Już pierwsze dwa wyścigi pokazały, że gospodarzom będzie bardzo trudno o wygraną. Po biegu juniorów na tablicy wyników było bowiem 3:9. Bieg numer 5 wlał w serca fanów "Aniołów" nieco nadziei. Najpierw sędzia wykluczył Kacpra Grzelaka, a później Mateusza Cierniaka, który doprowadził do upadku Pawła Przedpełskiego. Para Przedpełski — Mateusz Affelt przywiozła więc bez wysiłku 5:0 i zrobiło się 11:12.

Środkowa część meczu to dość wyrównana walka na Motoarenie. Goście kolejny cios wyprowadzili w biegu numer 9, w którym świetnie dysponowani w niedzielę Dominik Kubera (dziesięć oczek w całym meczu) oraz Jarosław Hampel (11 punktów) pokonali Roberta Lamberta i Przedpełskiego 5:1. W biegu jedenastym Hampel oraz Mateusz Cierniak objechali Wiktora Lamparta i Lamberta 4:2 i stało się jasne, że gospodarze raczej tego meczu nie wygrają.

Sam Emil Sajfutdinow to nieco zbyt mało, aby wygrywać w ćwierćfinale ekstraligi. Rosjanin z polskim paszportem znów był liderem i zanotował 12 "oczek", ale słaba postawa szczególnie Przedpełskiego i - jak cały sezon - juniorów, zdecydowały o wygranej gości. Aby doprowadzić do niej, nie musieli się nawet wznieść na wyżyny umiejętności zmęczeni sobotnim Grand Prix Zmarzlik i Lindgren. Pierwszy zdobył 11 punktów, a drugi sześć. Motor ma jednak równiejszy i silniejszy zespół.
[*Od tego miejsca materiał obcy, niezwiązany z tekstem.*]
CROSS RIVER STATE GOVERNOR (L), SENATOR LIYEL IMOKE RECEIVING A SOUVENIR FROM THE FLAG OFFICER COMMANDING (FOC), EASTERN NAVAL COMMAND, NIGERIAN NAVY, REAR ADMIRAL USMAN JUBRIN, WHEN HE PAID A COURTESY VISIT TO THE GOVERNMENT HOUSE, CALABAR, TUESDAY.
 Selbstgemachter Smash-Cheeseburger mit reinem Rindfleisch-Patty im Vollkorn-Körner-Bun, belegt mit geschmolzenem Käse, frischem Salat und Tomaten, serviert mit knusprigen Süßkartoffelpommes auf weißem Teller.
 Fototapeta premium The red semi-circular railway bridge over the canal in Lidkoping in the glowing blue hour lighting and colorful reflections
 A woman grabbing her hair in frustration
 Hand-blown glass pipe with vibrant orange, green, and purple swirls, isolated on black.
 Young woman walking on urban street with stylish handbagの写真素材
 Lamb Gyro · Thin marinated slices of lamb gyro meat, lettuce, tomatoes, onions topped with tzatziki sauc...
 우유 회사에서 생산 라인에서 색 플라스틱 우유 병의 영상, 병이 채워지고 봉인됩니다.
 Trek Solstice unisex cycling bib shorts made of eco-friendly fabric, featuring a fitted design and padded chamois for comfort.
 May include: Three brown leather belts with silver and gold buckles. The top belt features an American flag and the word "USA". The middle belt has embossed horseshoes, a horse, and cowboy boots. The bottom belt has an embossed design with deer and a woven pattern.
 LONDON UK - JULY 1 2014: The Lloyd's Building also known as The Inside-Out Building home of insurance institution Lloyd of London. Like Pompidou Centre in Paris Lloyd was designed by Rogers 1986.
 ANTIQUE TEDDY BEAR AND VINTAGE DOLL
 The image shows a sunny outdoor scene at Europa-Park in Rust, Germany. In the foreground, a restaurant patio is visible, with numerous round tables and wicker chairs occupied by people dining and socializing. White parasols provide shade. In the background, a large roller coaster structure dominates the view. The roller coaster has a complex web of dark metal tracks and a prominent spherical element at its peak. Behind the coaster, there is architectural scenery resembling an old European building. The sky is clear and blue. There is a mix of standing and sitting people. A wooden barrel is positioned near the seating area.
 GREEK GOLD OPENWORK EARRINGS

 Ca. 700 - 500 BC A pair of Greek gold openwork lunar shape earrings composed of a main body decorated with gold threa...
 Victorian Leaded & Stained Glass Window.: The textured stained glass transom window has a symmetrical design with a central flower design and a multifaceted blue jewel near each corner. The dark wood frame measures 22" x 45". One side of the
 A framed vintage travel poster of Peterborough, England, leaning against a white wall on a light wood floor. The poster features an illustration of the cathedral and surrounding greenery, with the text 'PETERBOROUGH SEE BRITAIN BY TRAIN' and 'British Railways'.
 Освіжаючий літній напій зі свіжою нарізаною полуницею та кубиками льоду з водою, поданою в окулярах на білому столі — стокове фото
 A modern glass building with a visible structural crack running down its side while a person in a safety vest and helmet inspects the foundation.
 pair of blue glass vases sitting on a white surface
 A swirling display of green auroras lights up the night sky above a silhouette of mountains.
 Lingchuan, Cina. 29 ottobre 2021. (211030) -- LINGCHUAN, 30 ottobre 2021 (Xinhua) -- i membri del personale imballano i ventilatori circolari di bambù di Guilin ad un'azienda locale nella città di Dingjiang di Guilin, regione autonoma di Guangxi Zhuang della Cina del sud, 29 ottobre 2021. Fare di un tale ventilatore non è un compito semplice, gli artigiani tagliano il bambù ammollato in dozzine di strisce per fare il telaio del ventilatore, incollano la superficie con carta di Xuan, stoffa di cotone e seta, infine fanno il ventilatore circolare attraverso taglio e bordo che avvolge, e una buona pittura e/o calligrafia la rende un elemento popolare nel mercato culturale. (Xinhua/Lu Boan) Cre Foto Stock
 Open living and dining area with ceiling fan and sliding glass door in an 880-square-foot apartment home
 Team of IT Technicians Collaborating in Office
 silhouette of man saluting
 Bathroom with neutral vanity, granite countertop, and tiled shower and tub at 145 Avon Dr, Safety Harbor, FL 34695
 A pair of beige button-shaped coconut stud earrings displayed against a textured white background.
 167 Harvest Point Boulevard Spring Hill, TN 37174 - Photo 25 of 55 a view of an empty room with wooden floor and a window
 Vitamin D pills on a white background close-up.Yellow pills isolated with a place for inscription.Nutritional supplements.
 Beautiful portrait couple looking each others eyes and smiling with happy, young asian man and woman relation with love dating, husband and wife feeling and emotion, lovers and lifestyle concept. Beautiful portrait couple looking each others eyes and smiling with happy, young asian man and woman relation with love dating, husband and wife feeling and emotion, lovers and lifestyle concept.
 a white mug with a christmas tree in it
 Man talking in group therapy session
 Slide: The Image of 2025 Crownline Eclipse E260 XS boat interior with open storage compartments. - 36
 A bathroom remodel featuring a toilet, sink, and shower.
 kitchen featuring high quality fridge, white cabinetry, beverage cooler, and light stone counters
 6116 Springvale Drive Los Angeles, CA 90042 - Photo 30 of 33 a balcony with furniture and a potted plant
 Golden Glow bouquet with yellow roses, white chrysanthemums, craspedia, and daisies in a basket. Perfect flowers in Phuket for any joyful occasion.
Wygraną lublinianie zapewnili sobie w biegu numer 14, po którym na tablicy wyników było 37:46. Rozmiary porażki zmniejszyli w ostatnim wyścigu Sajfutdinow i Lambert, którzy pokonali Zmarzlika i Hampela 5:1.

Rewanż w Lublinie wydaje się formalnością. Apator będzie musiał pojechać bardzo dobre zawody, aby myśleć o awansie do półfinału mimo przegranej w parze, która wydaje się nieuchronna.

Pierwszy mecz ćwierćfinałowy: For Nature Solutions Apator Toruń - Platinum Motor Lublin 42:47. Rewanżowe spotkanie zostanie rozegrane w Lublinie 20 sierpnia.

Punkty:

For Nature Solutions Apator Toruń: Emil Sajfutdinow 12 (1,2,3,3,3), Robert Lambert 9 (2,3,1,0,1,2), Patryk Dudek 8 (0,3,2,2,1), Wiktor Lampart 5 (2,0,1,2,0), Paweł Przedpełski 4 (3,1,0), Krzysztof Lewandowski 2 (1,0,1), Mateusz Affelt 2 (w,2,0).

Platinum Motor Lublin: Bartosz Zmarzlik 11 (3,2,3,2,1), Jarosław Hampel 11 (3,3,2,3,0), Dominik Kubera 10 (0,1,3,3,3), Mateusz Cierniak 7 (3,w,2,1,1), Fredrik Lindgren 6 (1,1,2,0,2), Bartosz Bańbor 2 (2,0,0), Kacper Grzelak 0(w,0).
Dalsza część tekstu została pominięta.